After his secondary education at Shimo La Tewa High School in 2011, he enrolled at Technical University of Mombasa to pursue a diploma in marine engineering. Then still a new course, there were only five students in his class and a degree programme was not up for registration either.
After his diploma, he advanced to competency-based studies in Bandari Maritime Academy in 2016 before heading to Dar es Salaam Maritime Institute (DMI) in 2017 to become a fully-fledged seafarer or a marine professional.
The investment in his education has bore many fruits, as he is a qualified sailor with dreams of chattering yachts and ships if not owning them.
But currently, the 25-year-old is on a break from marine life in respect of his other ambitions. He has four innovations: Smart Bin Electric Generator (technology that converts garbage to electricity), a proprietary briquetting machine, some special interlocking construction bricks made from glass waste, an oil detector for ships (for oil spillage in oceans), and a recruitment tool based on Artificial Intelligence.
“Smart Bin Electric Generator, my brainchild, which I shared with other five young people was intended to address the issue of pollution by solid waste.
The idea was to have portable units that could be availed to homesteads, small to medium institutions and even factories.

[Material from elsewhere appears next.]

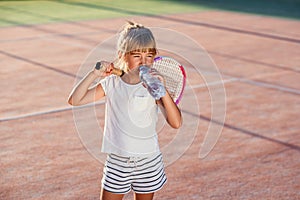 Close up funny little girl drinking water from bottle after hard tennis training at outdoor court at sunset. Sport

By doing so, we would minimise the amount of waste collected in dump sites and landfills,” he explains.
So, what happens if litter/waste is thrown in this smart bin? “I called it ‘smart’ because I had it sort and separate waste using a part-system I designed. It sorts out organic and inorganic waste.
The organic waste goes to a reactor for conversion where fuel gas is extracted, which in turn goes to another system that converts the gas into electricity. This electricity can be used in the premises.
The other inorganic waste is further sorted into recyclable and non-recyclables then stored in different compartments within the unit,” he says.
The team raised money sufficient to build a primitive version of the prototype, but it has proved to be an expensive project that would require intense financing. “We pitched the idea to some people, it intrigued them, but they thought it was too far-fetched,” he says.
So, they had to go back to the drawing board. “We decided to get into the business of making and selling briquettes so as to make money and finance our initial project,” he adds.
Kupalia was tasked to model and build a briquetting machine, which he did. The project is now up and running.
Early this year, a construction company reached out to Kupalia requesting him to help them recycle waste glass. “I told them I had an idea — to use waste glass in brick construction. Crushed glass could be used as sand.
The idea was to infuse crushed glass into bricks by moulding them together with other materials to make stronger blocks.
The company asked me to prepare a prototype, which I did and presented. But they are yet to get back to me given the financial implication in terms of taking it to a commercial level,” he explains.
And as for the oil detector, Kupalia discovered it in his random experimentations. “I did this in response to marine pollution, which is a primary concern in the maritime industry even though I still have this tech in prototype stage,” says the firstborn of three who was raised in Coastal towns of Malindi, Kaloleni Kilifi.
His last innovation is a recruiting tool based on Artificial Intelligence. “I want to change the culture of recruiting where people get recruited based on their academic qualification, but are poor in delivery while we have top talent (without papers) who can deliver much better.
So, this tool is based on psychometrics—we train it to analyse potential employees. The thing is we gauge aptitude and adaptability to a particular job...if they make the cut based on how the system decides they get the job,” Kupalia says. He hasn’t commercialised this innovation yet.